*** Opening Provided data ***
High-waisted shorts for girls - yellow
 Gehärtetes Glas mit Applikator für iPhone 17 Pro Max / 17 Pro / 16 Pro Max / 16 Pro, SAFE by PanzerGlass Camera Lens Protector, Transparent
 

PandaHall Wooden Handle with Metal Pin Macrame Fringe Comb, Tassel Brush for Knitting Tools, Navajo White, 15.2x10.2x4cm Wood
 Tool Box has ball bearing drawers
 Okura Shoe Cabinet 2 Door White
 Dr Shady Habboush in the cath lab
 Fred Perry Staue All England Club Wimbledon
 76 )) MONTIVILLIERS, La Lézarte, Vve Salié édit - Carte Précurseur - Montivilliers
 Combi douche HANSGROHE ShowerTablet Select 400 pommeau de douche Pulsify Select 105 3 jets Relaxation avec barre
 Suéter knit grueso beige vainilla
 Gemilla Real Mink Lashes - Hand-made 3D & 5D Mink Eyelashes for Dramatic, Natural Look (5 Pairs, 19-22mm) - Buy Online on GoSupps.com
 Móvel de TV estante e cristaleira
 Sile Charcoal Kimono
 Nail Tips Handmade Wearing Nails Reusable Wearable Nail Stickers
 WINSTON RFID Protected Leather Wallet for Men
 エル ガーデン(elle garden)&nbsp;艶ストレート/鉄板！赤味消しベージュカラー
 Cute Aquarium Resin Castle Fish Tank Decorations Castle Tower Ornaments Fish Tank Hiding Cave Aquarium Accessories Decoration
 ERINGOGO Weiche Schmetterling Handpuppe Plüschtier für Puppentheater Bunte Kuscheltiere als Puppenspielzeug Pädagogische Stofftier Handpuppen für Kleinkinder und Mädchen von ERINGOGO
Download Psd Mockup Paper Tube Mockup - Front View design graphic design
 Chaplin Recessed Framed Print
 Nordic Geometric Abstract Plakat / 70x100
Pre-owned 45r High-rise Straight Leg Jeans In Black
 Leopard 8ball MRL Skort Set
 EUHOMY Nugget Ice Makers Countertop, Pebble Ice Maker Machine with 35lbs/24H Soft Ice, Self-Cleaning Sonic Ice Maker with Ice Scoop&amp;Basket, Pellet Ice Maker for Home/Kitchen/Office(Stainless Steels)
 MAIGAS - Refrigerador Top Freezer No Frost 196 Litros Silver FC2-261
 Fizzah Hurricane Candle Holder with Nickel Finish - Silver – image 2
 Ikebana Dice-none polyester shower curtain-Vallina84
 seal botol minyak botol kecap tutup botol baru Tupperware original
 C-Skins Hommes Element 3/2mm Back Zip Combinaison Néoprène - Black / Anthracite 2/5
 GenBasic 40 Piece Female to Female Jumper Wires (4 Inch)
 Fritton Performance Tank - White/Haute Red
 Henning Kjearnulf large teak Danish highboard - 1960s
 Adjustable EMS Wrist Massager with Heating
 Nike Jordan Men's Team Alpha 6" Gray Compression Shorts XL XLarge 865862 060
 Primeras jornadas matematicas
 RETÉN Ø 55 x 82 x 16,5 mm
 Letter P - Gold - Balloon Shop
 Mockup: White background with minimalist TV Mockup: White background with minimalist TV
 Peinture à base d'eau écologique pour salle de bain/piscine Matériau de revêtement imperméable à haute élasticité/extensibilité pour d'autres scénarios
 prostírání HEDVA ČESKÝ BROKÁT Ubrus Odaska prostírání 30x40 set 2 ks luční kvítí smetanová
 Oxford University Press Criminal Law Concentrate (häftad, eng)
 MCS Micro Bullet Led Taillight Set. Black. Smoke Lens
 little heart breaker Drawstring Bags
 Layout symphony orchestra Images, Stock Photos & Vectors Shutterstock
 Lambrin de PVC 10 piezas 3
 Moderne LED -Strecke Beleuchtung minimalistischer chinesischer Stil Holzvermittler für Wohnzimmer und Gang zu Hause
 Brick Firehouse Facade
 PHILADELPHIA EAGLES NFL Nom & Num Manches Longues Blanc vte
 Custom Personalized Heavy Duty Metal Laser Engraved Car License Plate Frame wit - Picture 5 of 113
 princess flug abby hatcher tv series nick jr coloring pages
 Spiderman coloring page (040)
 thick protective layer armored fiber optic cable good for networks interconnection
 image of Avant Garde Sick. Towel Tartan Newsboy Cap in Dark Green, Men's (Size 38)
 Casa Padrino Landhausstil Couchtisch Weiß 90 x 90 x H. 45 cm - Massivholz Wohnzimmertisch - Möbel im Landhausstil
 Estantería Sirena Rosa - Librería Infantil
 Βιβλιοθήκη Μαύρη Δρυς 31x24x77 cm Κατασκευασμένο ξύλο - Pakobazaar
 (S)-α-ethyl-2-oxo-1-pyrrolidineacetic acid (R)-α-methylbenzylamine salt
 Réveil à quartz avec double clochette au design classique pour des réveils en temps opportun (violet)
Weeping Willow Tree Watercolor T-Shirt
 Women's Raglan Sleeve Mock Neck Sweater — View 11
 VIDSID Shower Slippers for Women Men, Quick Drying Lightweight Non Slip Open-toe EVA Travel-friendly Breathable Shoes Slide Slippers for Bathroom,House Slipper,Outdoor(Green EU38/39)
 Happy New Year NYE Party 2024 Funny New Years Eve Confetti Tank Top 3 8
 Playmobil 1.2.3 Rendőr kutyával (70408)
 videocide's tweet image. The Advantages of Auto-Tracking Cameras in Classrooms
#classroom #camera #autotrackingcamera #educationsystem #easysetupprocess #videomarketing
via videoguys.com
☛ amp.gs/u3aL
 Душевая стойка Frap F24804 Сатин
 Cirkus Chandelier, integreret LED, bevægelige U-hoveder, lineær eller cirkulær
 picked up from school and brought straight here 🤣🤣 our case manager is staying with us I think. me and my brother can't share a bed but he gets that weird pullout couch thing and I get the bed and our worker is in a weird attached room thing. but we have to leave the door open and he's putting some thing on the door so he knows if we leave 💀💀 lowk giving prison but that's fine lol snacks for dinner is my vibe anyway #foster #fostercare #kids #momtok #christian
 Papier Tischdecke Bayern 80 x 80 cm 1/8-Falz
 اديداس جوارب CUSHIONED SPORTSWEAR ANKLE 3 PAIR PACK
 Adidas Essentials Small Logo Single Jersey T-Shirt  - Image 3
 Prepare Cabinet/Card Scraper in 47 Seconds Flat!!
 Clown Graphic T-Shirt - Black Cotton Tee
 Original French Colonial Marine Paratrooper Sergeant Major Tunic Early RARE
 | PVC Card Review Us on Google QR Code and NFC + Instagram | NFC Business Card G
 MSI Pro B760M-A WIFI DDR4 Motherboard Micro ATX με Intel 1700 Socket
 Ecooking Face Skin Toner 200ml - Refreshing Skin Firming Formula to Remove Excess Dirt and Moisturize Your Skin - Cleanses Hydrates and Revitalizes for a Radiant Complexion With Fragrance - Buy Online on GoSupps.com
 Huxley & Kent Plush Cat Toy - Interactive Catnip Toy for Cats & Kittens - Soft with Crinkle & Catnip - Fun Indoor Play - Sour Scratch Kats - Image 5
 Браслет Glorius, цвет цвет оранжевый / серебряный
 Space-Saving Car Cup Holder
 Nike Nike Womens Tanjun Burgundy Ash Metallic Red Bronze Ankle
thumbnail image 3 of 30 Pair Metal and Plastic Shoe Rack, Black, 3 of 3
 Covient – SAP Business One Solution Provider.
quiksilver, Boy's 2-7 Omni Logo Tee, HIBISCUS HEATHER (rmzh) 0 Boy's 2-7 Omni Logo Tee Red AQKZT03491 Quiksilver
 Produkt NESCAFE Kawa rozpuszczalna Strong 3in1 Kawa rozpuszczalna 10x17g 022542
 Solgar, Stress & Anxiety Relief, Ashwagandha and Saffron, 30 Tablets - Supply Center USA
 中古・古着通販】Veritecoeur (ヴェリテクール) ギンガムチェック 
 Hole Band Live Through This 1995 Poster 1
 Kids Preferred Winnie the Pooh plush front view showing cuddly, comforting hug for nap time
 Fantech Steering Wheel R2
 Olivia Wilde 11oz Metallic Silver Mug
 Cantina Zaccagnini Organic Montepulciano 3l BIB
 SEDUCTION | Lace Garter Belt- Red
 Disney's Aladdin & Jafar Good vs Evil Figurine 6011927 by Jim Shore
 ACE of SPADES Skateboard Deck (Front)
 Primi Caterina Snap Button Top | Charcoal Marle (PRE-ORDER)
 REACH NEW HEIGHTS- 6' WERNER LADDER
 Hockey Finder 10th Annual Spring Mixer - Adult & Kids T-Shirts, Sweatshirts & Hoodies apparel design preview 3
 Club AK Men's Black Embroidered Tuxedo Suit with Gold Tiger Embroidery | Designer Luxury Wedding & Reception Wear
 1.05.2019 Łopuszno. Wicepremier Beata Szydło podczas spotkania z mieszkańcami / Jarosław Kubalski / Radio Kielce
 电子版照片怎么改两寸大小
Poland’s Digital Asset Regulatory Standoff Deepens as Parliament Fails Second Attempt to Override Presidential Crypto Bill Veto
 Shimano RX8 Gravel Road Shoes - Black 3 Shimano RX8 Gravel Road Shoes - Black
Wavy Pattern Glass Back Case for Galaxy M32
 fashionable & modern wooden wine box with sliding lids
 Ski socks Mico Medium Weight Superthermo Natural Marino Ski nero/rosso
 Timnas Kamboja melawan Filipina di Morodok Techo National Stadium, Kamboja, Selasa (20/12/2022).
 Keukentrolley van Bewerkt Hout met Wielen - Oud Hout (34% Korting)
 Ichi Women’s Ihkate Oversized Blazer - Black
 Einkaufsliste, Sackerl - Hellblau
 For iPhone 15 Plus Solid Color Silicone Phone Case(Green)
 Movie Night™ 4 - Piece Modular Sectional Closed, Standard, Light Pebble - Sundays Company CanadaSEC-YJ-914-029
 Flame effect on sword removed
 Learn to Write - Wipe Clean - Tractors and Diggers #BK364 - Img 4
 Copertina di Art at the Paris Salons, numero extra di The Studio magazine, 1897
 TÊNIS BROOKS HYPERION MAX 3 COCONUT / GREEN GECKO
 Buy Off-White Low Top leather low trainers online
*** Closing Provided data ***
Directions for this task: Lines after the one containing "Cute Aquarium Resin" are not wanted; repeat exactly each line above from the first up to and including it.

Response:
High-waisted shorts for girls - yellow
 Gehärtetes Glas mit Applikator für iPhone 17 Pro Max / 17 Pro / 16 Pro Max / 16 Pro, SAFE by PanzerGlass Camera Lens Protector, Transparent
 

PandaHall Wooden Handle with Metal Pin Macrame Fringe Comb, Tassel Brush for Knitting Tools, Navajo White, 15.2x10.2x4cm Wood
 Tool Box has ball bearing drawers
 Okura Shoe Cabinet 2 Door White
 Dr Shady Habboush in the cath lab
 Fred Perry Staue All England Club Wimbledon
 76 )) MONTIVILLIERS, La Lézarte, Vve Salié édit - Carte Précurseur - Montivilliers
 Combi douche HANSGROHE ShowerTablet Select 400 pommeau de douche Pulsify Select 105 3 jets Relaxation avec barre
 Suéter knit grueso beige vainilla
 Gemilla Real Mink Lashes - Hand-made 3D & 5D Mink Eyelashes for Dramatic, Natural Look (5 Pairs, 19-22mm) - Buy Online on GoSupps.com
 Móvel de TV estante e cristaleira
 Sile Charcoal Kimono
 Nail Tips Handmade Wearing Nails Reusable Wearable Nail Stickers
 WINSTON RFID Protected Leather Wallet for Men
 エル ガーデン(elle garden)&nbsp;艶ストレート/鉄板！赤味消しベージュカラー
 Cute Aquarium Resin Castle Fish Tank Decorations Castle Tower Ornaments Fish Tank Hiding Cave Aquarium Accessories Decoration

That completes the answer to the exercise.